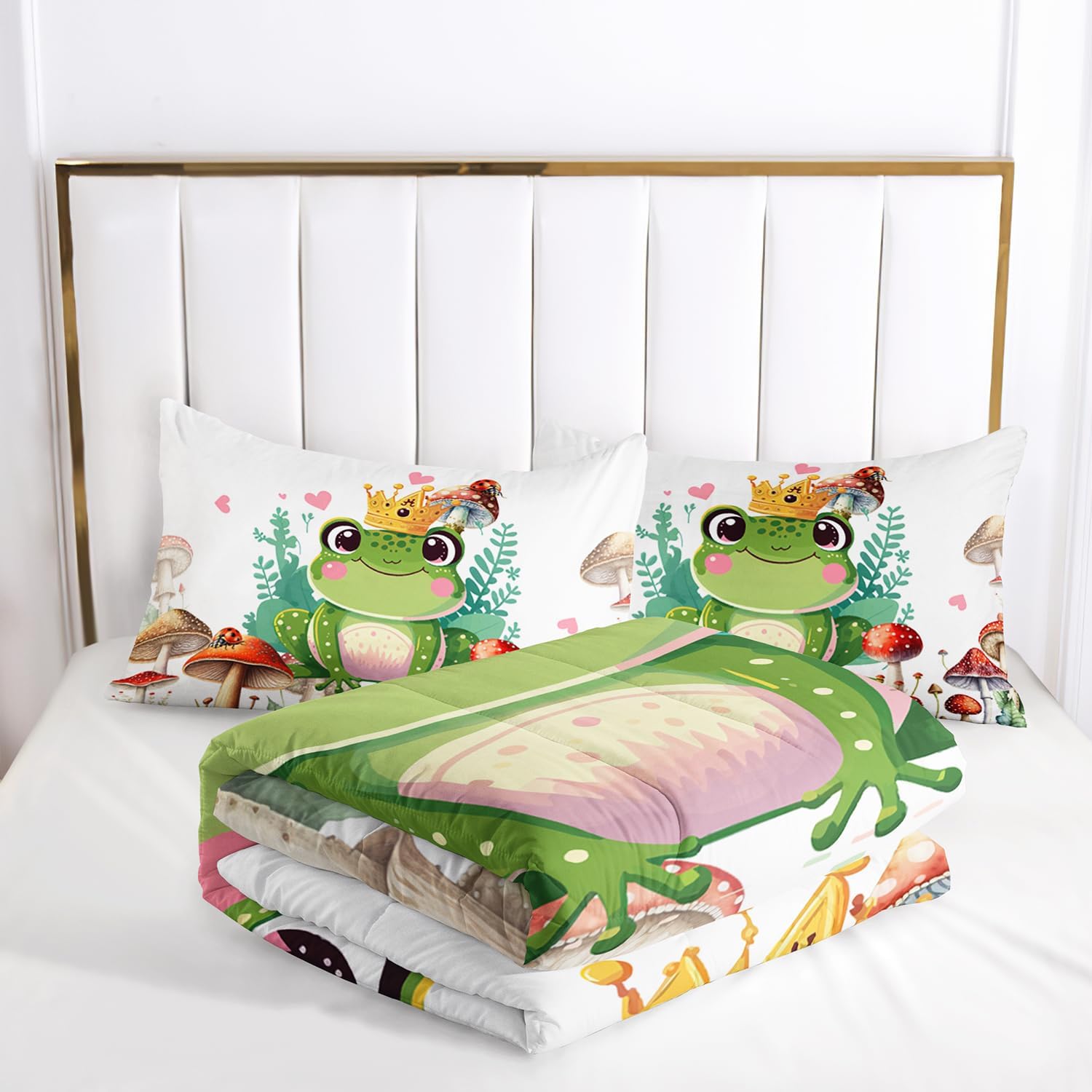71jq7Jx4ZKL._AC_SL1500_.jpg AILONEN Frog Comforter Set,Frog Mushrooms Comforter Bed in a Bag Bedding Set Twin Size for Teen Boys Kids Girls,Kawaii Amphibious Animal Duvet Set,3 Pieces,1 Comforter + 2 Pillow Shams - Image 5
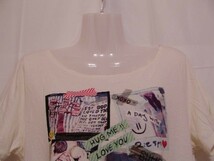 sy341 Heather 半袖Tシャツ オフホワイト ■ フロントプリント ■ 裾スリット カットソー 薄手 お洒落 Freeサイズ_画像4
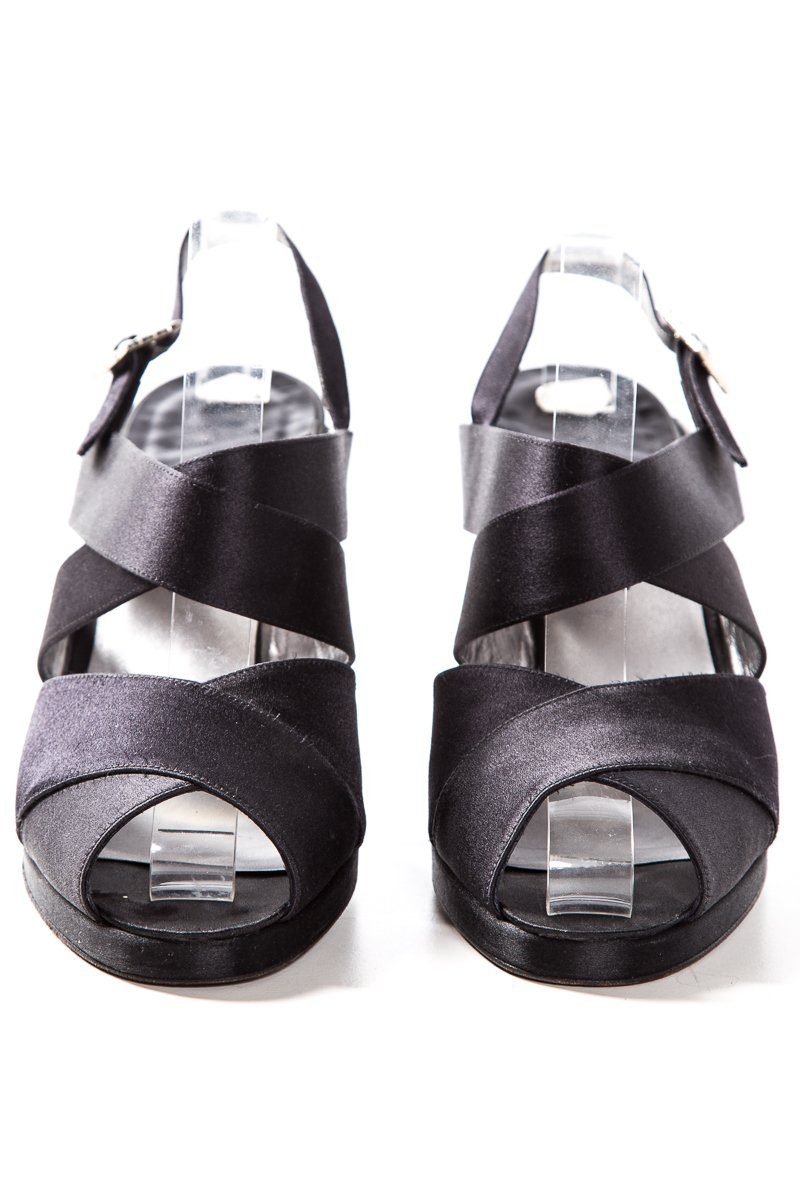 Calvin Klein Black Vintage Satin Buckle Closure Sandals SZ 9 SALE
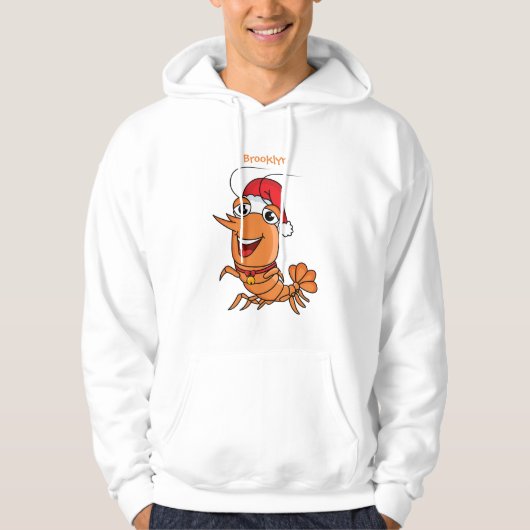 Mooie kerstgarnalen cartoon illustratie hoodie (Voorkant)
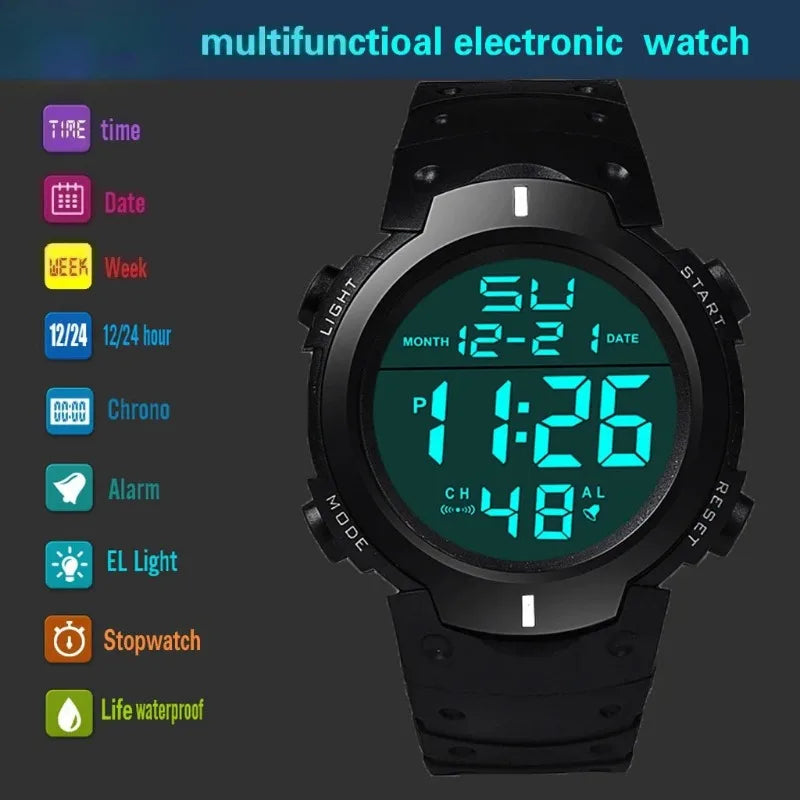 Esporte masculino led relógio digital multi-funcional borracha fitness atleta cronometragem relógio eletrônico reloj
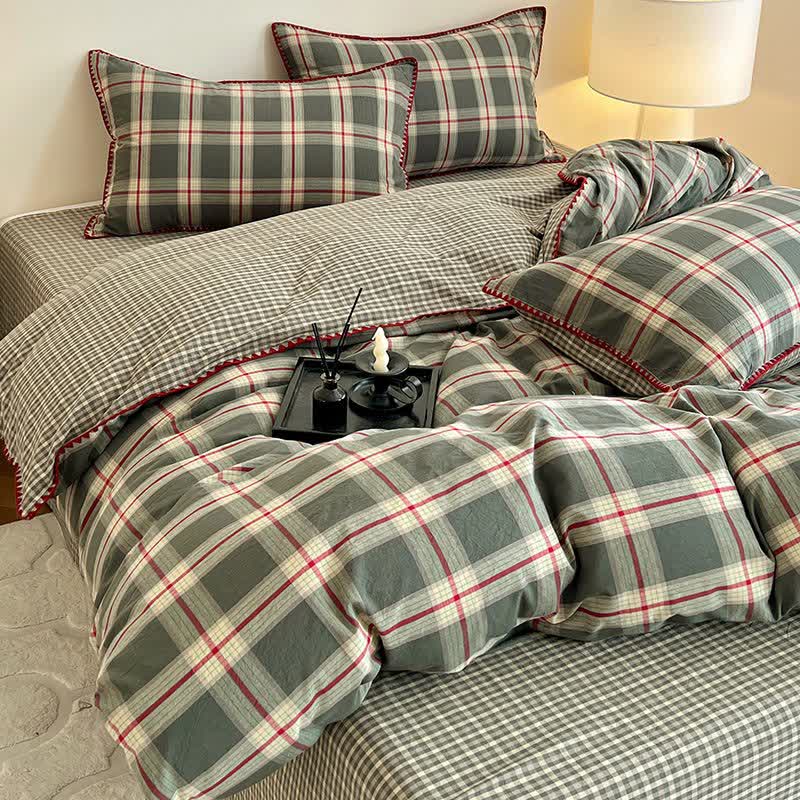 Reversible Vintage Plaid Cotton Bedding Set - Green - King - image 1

(Requirement) Please print the data above in its entirety, exactly, but without any picture.

(Finished exercise)
71jq7Jx4ZKL._AC_SL1500_.jpg AILONEN Frog Comforter Set,Frog Mushrooms Comforter Bed in a Bag Bedding Set Twin Size for Teen Boys Kids Girls,Kawaii Amphibious Animal Duvet Set,3 Pieces,1 Comforter + 2 Pillow Shams - Image 5
 sy341 Heather 半袖Tシャツ オフホワイト ■ フロントプリント ■ 裾スリット カットソー 薄手 お洒落 Freeサイズ_画像4
 Calvin Klein Black Vintage Satin Buckle Closure Sandals SZ 9 SALE
 Mooie kerstgarnalen cartoon illustratie hoodie (Voorkant)
 Esporte masculino led relógio digital multi-funcional borracha fitness atleta cronometragem relógio eletrônico reloj
 Reversible Vintage Plaid Cotton Bedding Set - Green - King - image 1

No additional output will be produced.